Board and batten is the most common style of barn siding and as a result you will see some barn doors built in that style. One thing to note is that board and batten is a style developed, so that one can build with green lumber that has not been kiln dried. This works great for the siding, but when covering an opening such as a doorway the shrinkage that occurs with green wood can become a major headache. By using tongue and groove, which is always kiln-dried before it is sold, one can be assured that the door, which is being built, will not shrink over time. This is of special advantage if you live in a place that gets lots of weather.
- Skill level:
Things you need
- Some tongue and groove lumber
- Saw horses
- Circular saw
- Electric drill
- Wood screws
- Hardware to hang and latch the door
Inspect the doorway to make sure that the frame is in good order and that everything is square. You can use a framing square to check this. If there is a jamb present make sure that it is true and straight.

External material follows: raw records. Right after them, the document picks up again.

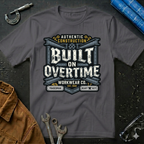 Built on Overtime T-Shirt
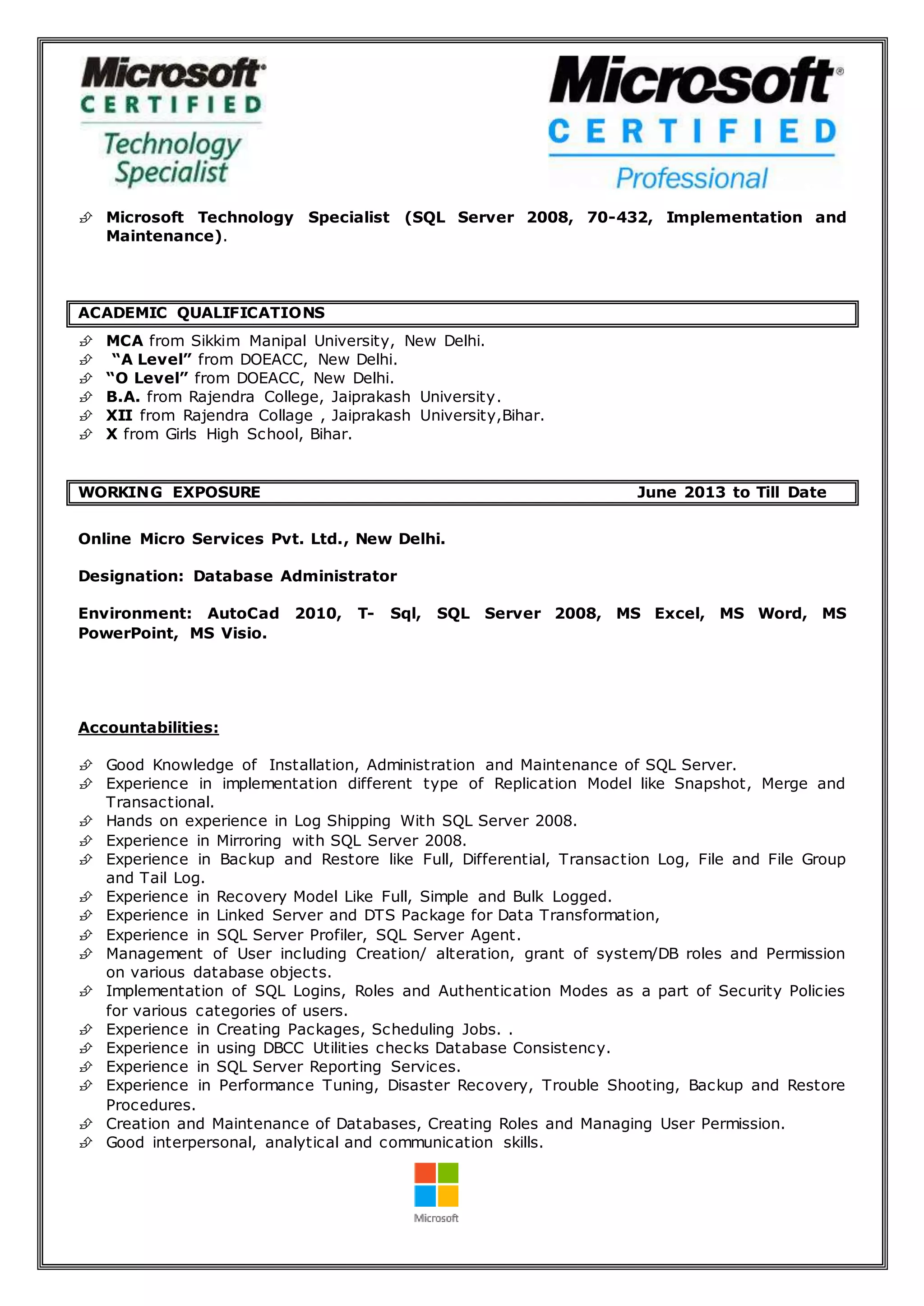  Microsoft Technology Specialist (SQL Server 2008, 70-432, Implementation and
Maintenance).
ACADEMIC QUALIFICATIONS
 MCA from Sikkim Manipal University, New Delhi.
 “A Level” from DOEACC, New Delhi.
 “O Level” from DOEACC, New Delhi.
 B.A. from Rajendra College, Jaiprakash University.
 XII from Rajendra Collage , Jaiprakash University,Bihar.
 X from Girls High School, Bihar.
WORKING EXPOSURE June 2013 to Till Date
Online Micro Services Pvt. Ltd., New Delhi.
Designation: Database Administrator
Environment: AutoCad 2010, T- Sql, SQL Server 2008, MS Excel, MS Word, MS
PowerPoint, MS Visio.
Accountabilities:
 Good Knowledge of Installation, Administration and Maintenance of SQL Server.
 Experience in implementation different type of Replication Model like Snapshot, Merge and
Transactional.
 Hands on experience in Log Shipping With SQL Server 2008.
 Experience in Mirroring with SQL Server 2008.
 Experience in Backup and Restore like Full, Differential, Transaction Log, File and File Group
and Tail Log.
 Experience in Recovery Model Like Full, Simple and Bulk Logged.
 Experience in Linked Server and DTS Package for Data Transformation,
 Experience in SQL Server Profiler, SQL Server Agent.
 Management of User including Creation/ alteration, grant of system/DB roles and Permission
on various database objects.
 Implementation of SQL Logins, Roles and Authentication Modes as a part of Security Policies
for various categories of users.
 Experience in Creating Packages, Scheduling Jobs. .
 Experience in using DBCC Utilities checks Database Consistency.
 Experience in SQL Server Reporting Services.
 Experience in Performance Tuning, Disaster Recovery, Trouble Shooting, Backup and Restore
Procedures.
 Creation and Maintenance of Databases, Creating Roles and Managing User Permission.
 Good interpersonal, analytical and communication skills.
 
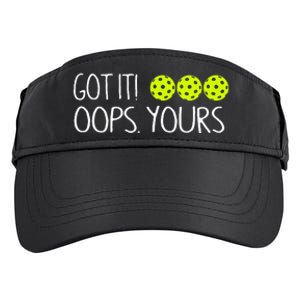 Got It Oops Yours Pickleball Lovers Adult Drive Performance Visor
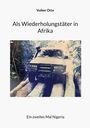Volker Otto: Als Wiederholungstäter in Afrika, Buch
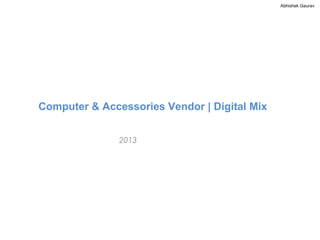 Abhishek Gaurav

Computer & Accessories Vendor | Digital Mix
2013

 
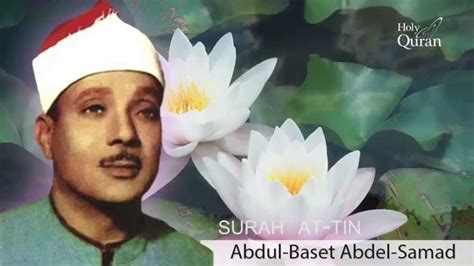 Surah At Tin Abdul Basset Abdul Samad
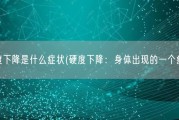 硬度下降是什么症状(硬度下降：身体出现的一个症状)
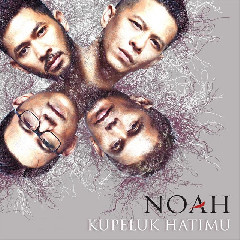 Download Lagu Noah - Kupeluk Hatimu MP3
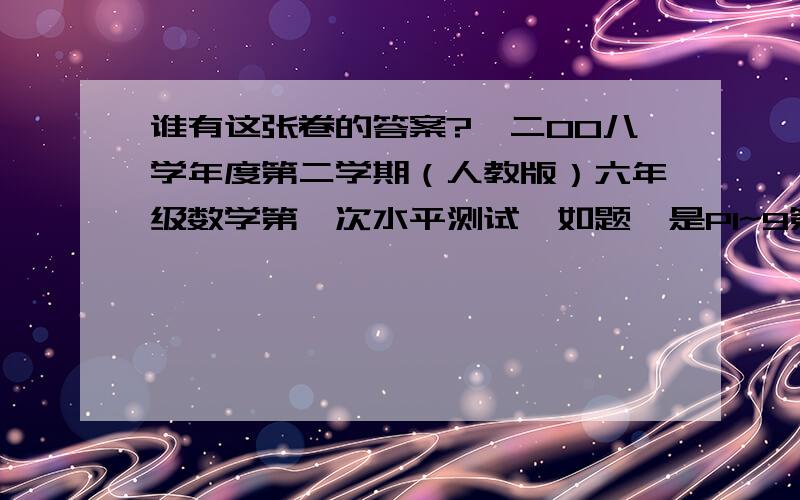 谁有这张卷的答案?《二00八学年度第二学期（人教版）六年级数学第一次水平测试》如题,是P1~9第一单元《负数》的是广州市番禺区的卷 ,,我懒得做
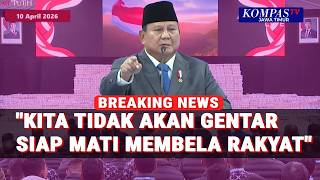[FULL] Membara! Pidato Prabowo Apresiasi Satgas PKH Rp31,3 Triliun Uang Negara Berhasil Diselamatkan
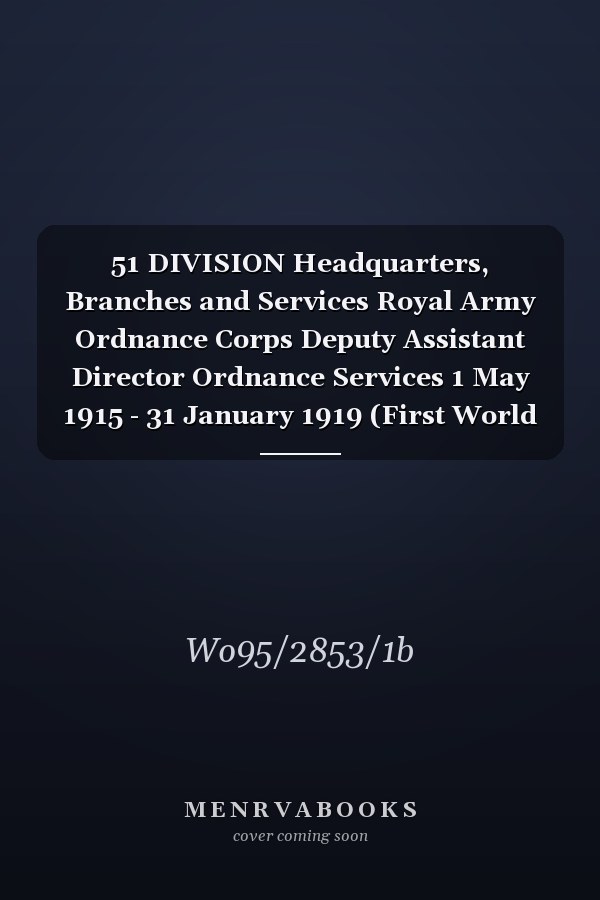 51 DIVISION Headquarters, Branches and Services Royal Army Ordnance Corps Deputy Assistant Director Ordnance Services 1 May 1915 - 31 January 1919 (First World War, War Diary, WO95/2853/1b)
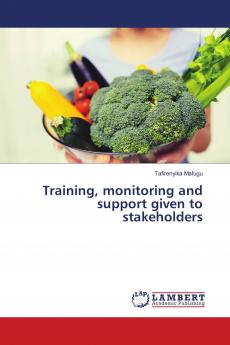 Training monitoring and support given to stakeholders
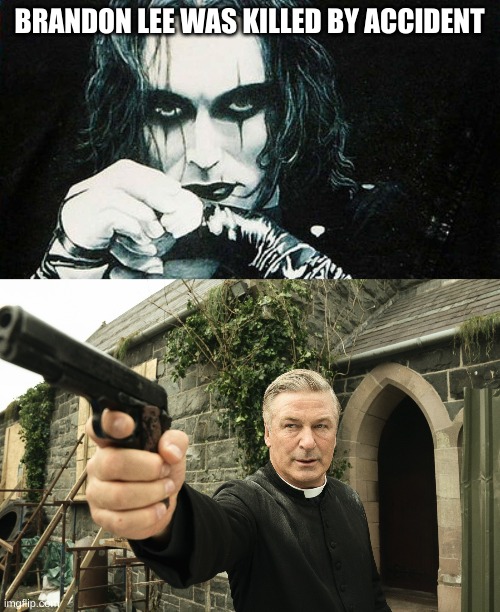 BRANDON LEE WAS KILLED BY ACCIDENT | image tagged in brandon lee as the crow,alec baldwin | made w/ Imgflip meme maker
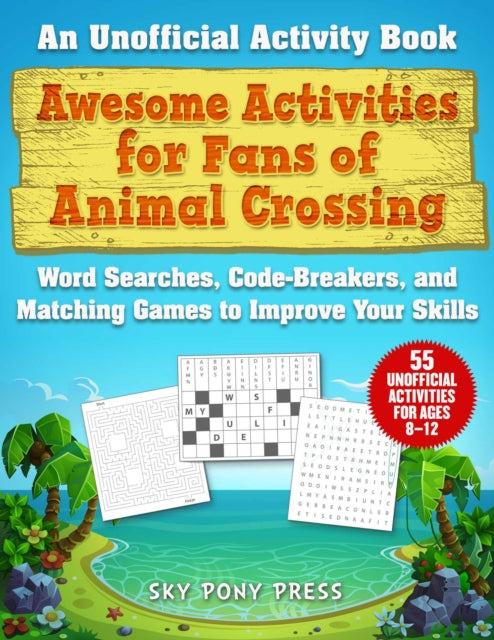 Awesome Activities for Fans of Animal Crossing: An Unofficial Activity Book—Word Searches, Code-Breakers, and Matching Games to Improve Your Skills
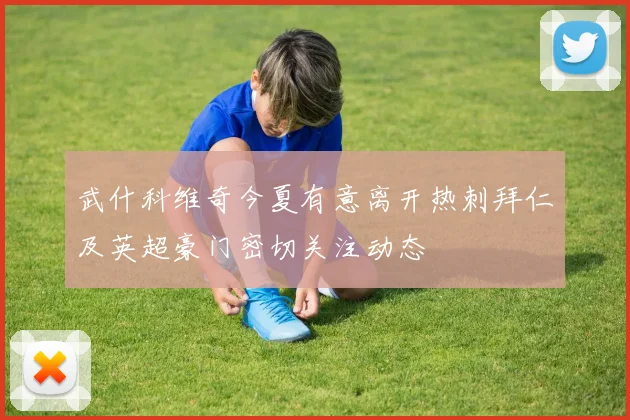 武什科维奇今夏有意离开热刺拜仁及英超豪门密切关注动态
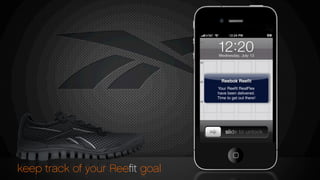 keep track of your Reeﬁt goal
Reebok Reeﬁt
Your Reeﬁt RealFlex
have been delivered.
Time to get out there!
 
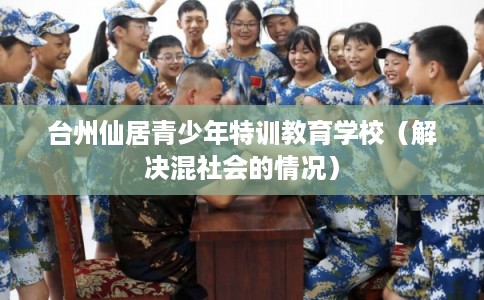 台州仙居青少年特训教育学校（解决混社会的情况）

Decide on the dimensions for your door. If you are building a doorway with doorstop or if you are going for a more rustic entrance with a door that swings off the trim, you still will need to know the exact dimensions.
Set up a pair of sawhorses and cut each board to length. We will deal with the width and backing for the door, shortly.
Cut and fit each board together by placing the tongue inside the groove. Keep adding boards until the over all width is at least 2 inches greater than the calculated width of the opening. Make sure the tongue of each board fits tightly into the groove of the next board. You can tap on one end with a wooden mallet to get a tighter fit. Never use a framing hammer unless you have a wooden block to soften the blow.
Cut the tongue off the first board with a circular saw. Make sure the edge is square and that all the tongue is removed.
Attach two cleats to the backside and make sure each tongue and groove board is attached at least once to each cleat. Also be certain that the tongues and grooves are tight. Place the cleat at the very top and bottom of the backside of the door. You can attach the cleats with short wood screws (1 ¼ to 1 ½ inches long).
Cut the door to width.
Attach the braces to the back in a Z-pattern. The top and bottom of the Z should go just inside the two cleats, then you can place the diagonal piece and remove the two cleats. It is best to remove the tongue for any board that you use as a brace.
Add hardware and hang the door.
Tips and warnings
- If you can afford it, you can cover the whole barn in tongue and groove.
- This door can be built with the boards running horizontal instead of vertical, although vertical is most common.
- Be careful with the power tools.
- If the opening is wide, you might need a pair of doors that swing open from each side of the doorway.